> **HOW TO COMPLETE THIS TASK**
With the pictures left out, write out exactly the lines of the listing below that run from the line with "Tote Bag Teinture" through the line with "Maillot de bain".

> **THE DATA**
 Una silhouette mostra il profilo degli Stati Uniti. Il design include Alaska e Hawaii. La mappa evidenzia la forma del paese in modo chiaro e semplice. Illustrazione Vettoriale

==

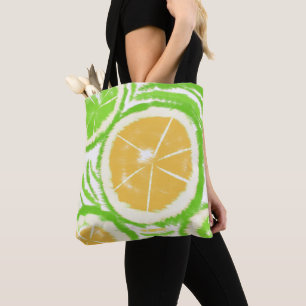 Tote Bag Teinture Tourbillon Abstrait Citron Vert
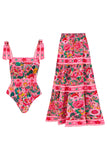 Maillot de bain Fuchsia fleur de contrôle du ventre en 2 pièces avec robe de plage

> **PROBLEM SOLUTION**
 Tote Bag Teinture Tourbillon Abstrait Citron Vert
 Maillot de bain Fuchsia fleur de contrôle du ventre en 2 pièces avec robe de plage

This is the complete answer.